Make the planner estimate costs for nestloop inner indexscans on the basis

that the Mackert-Lohmann formula applies across all the repetitions of the nestloop, not just each scan independently. We use the M-L formula to estimate the number of pages fetched from the index as well as from the table; that isn't what it was designed for, but it seems reasonably applicable anyway. This makes large numbers of repetitions look much cheaper than before, which accords with many reports we've received of overestimation of the cost of a nestloop. Also, change the index access cost model to charge random_page_cost per index leaf page touched, while explicitly not counting anything for access to metapage or upper tree pages. This may all need tweaking after we get some field experience, but in simple tests it seems to be giving saner results than before. The main thing is to get the infrastructure in place to let cost_index() and amcostestimate functions take repeated scans into account at all. Per my recent proposal. Note: this patch changes pg_proc.h, but I did not force initdb because the changes are basically cosmetic --- the system does not look into pg_proc to decide how to call an index amcostestimate function, and there's no way to call such a function from SQL at all.

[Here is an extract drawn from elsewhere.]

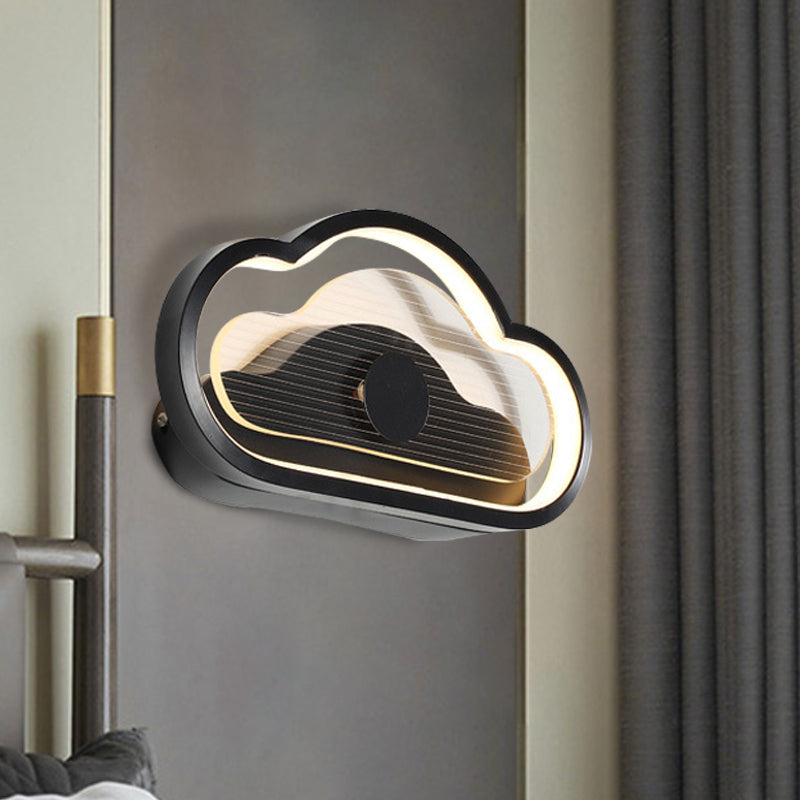 Heart/Cloud Wall Lighting Nordic Acrylic Black/White LED Wall Mounted Light Fixture for Bedroom Black Cloud Clearhalo 'Wall Lamps & Sconces' 'Wall Lights' Lighting' 1688475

2025-10-28 11:55:03 +03:00 · 2006-06-06 17:59:58 +00:00
parent 05631354f3
commit 8a30cc2127
14 changed files with 340 additions and 202 deletions
--- a/src/backend/optimizer/path/costsize.c
+++ b/src/backend/optimizer/path/costsize.c
@@ -54,7 +54,7 @@
 * Portions Copyright (c) 1994, Regents of the University of California
 *
 * IDENTIFICATION
- *	  $PostgreSQL: pgsql/src/backend/optimizer/path/costsize.c,v 1.157 2006/06/05 20:56:33 tgl Exp $
+ *	  $PostgreSQL: pgsql/src/backend/optimizer/path/costsize.c,v 1.158 2006/06/06 17:59:57 tgl Exp $
 *
 *-------------------------------------------------------------------------
 */
@@ -133,7 +133,7 @@ clamp_row_est(double nrows)
 	 * better and to avoid possible divide-by-zero when interpolating costs.

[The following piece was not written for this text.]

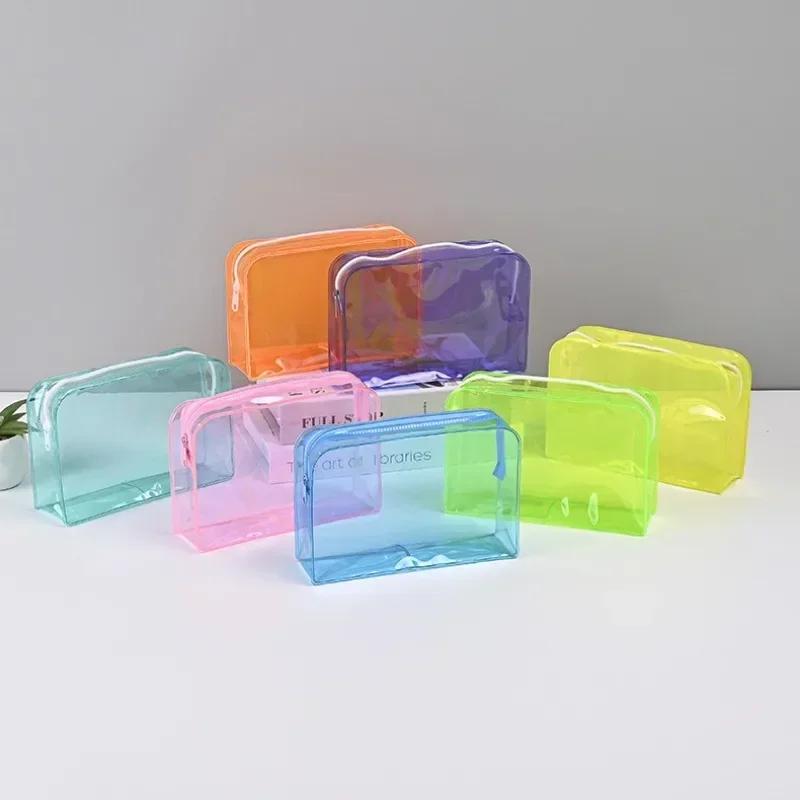 Candy Color Transparent Cosmetic Bag PVC Waterproof Large Capacity Makeup Bag Travel Cosmetic Organizer Toiletries Storage Bag 18x12x5cm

 	 * Make it an integer, too.
 	 */
-	if (nrows < 1.0)
+	if (nrows <= 1.0)
 		nrows = 1.0;
 	else
 		nrows = rint(nrows);
@@ -181,8 +181,10 @@ cost_seqscan(Path *path, PlannerInfo *root,
 *
 * 'index' is the index to be used
 * 'indexQuals' is the list of applicable qual clauses (implicit AND semantics)
- * 'is_injoin' is T if we are considering using the index scan as the inside
- *		of a nestloop join (hence, some of the indexQuals are join clauses)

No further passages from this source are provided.